Nelle storie nazionali l’attenzione al panorama rischia spesso di rubare la scena ai film. Il grosso volume di quasi cinquecento pagine – con le sue minuziose analisi di meno di una ventina di titoli – va evidentemente nella direzione opposta. La ricerca dell’identità nazionale non è affatto facile se si tiene conto della discontinuità del lungo periodo storico che fa da sfondo, dall’impero guglielmino alla Repubblica di Weimar, dal regime nazista alla divisione della Germania nel dopoguerra e poi alla riunificazione, per non accennare neppure ai rapporti con le altre pratiche artistiche e mediali. Nonostante tutte le cautele, la campionatura – che punta sui casi particolarmente rappresentativi, visti da studiosi di diversa formazione, al di fuori di una concezione archeologica della ricerca storica e in grado di attirare l’attenzione del lettore/spettatore contemporaneo – non esclude l’accorto bricolage di chi accetta qualche titolo obbligatorio per sentirsi autorizzato a un minimo di gioco d’azzardo, senza ricorrere per forza alla roulette russa. La galleria si apre con «Lo studente di Praga» (Stellan Rye, 1913), che anche grazie alla capacità combinatoria dello sceneggiatore Hanns Heinz Ewers rielabora in modo originale la tradizione romantica del doppio (Chamisso, Hoffmann) e fornisce il punto di partenza per il primo studio psicoanalitico sull’argomento, «Il doppio» di Otto Rank.

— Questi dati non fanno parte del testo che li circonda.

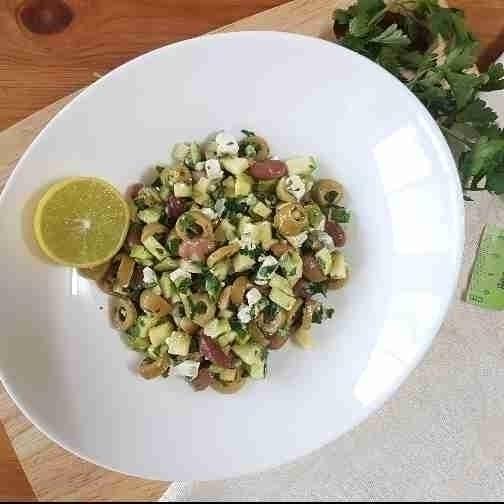 Greek Zucchini Salad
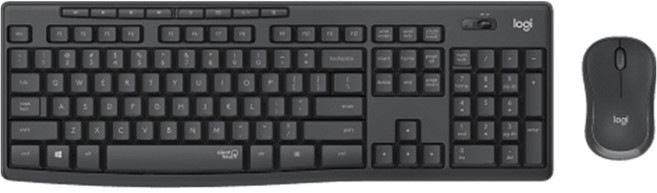 로지텍 MK295 저소음 무선 키보드 + 마우스세트, 그래파이트그레이, 일반형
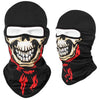 Skull Balaclava Face Mask - Windproof Breathable Neck Warmer for Cycling, Skiing & Motorcycling (Unisex)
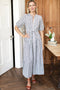 Lucy 4 Basque Dress, Aradonis Stripe Storm Grey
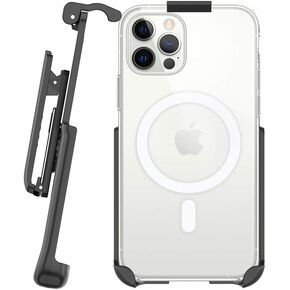 BELTRON Belt Clip Holster Compatible with Apple Clear Case for iPhone 12, iPhone 12 Pro with MagSafe - Features: Built in Kickstand (Holster Only, Case is NOT Included)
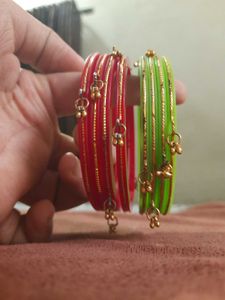 Bangles - Red & Green
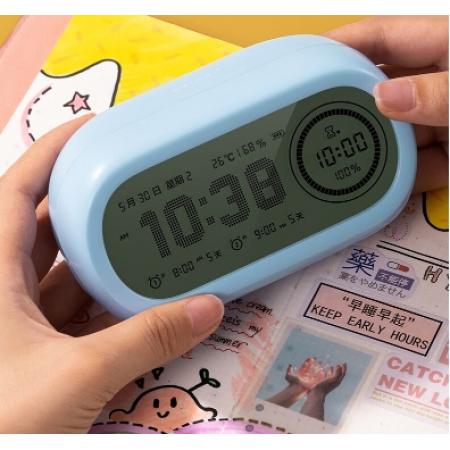 得力(deli）電子可視化工作計(jì)時(shí)器倒計(jì)時(shí)定時(shí)提醒器 LE106 藍(lán)色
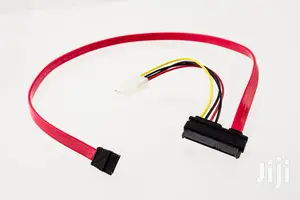 22pin Sata Hard Drive 4pin Electrical 2in1 Data Cable 15cm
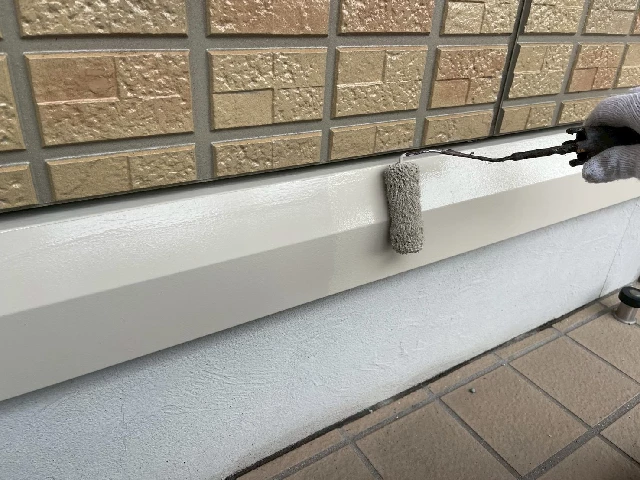 付帯部塗装工事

Come dimenticare la scena in cui il riflesso si stacca dallo specchio e s’incammina verso la porta, guardando il protagonista in preda al panico? Mentre la grande stagione di «Il gabinetto del dottor Caligari» (Robert Wiene, 1920) apre la strada a alcune delle pagine più ricche del cinema tedesco con «Nosferatu, una sinfonia dell’orrore» (Friedricich W. Murnau, 1921) e con “Metropolis” (Fritz Lang, 1927), è meno clamorosamente noto ma di grande suggestione «I misteri di un’anima» (Georg W. Pabst, 1926) per il quale il regista austriaco vorrebbe la consulenza del dottor Freud, ma si deve accontentare di due suoi allievi, evitando la spettacolarizzazione alla Hitchcock e utilizzando la tecnica psicoanalitica come metodo di esplorazione. Se ne servirà magnificamente un paio d’anni dopo in «Lulu» (1928) da Wedekind, il capolavoro dell’immensa Louise Brooks che dopo aver messo a soqquadro la vita del ricco Peter Schön, fugge a Londra dove si fa ammazzare da Jack Lo Squartatore. Bellissimi i due capitoli dedicati agli anni trenta con «La sirenetta dell’autostrada» (Wilhelm Thiele, 1930), singolare laboratorio formale del passaggio dal muto al sonoro nel segno dell’operetta che dissolve la trama nella musica, e con Kuhle Wampe, ovvero a chi appartiene il mondo?» (Slátan Dudow, 1932), singolare unicum scritto da Bertolt Brecht e Ernst Ottwalt non è un agit-prop a tesi ma un prodotto della Nuova Oggettività, bandito dai nazionalsocialisti a meno di un anno dalla prima berlinese, finirà dimenticato per più di tre decenni prima di riapparire negli anni settanta come un imperdibile classico del cinema militante e alternativo. «Verde è la mia terra» (Hans Deppe, 1951) è un tipico titolo del periodo in cui la Germania occidentale muove i primi passi e sembra decisa a comportarsi come se non fosse successo nulla, puntando tutto sulla conciliazione intergenerazionale. Finalmente, verso la fine del decennio successivo arriva il Neuer Deutscher Film di Kluge, Herzog, Fassbinder, Wenders, Reiz, che spariglia le carte della produzione corrente, cominciando a mostrarci l’altra faccia della medaglia (pp.487, euro 34,00).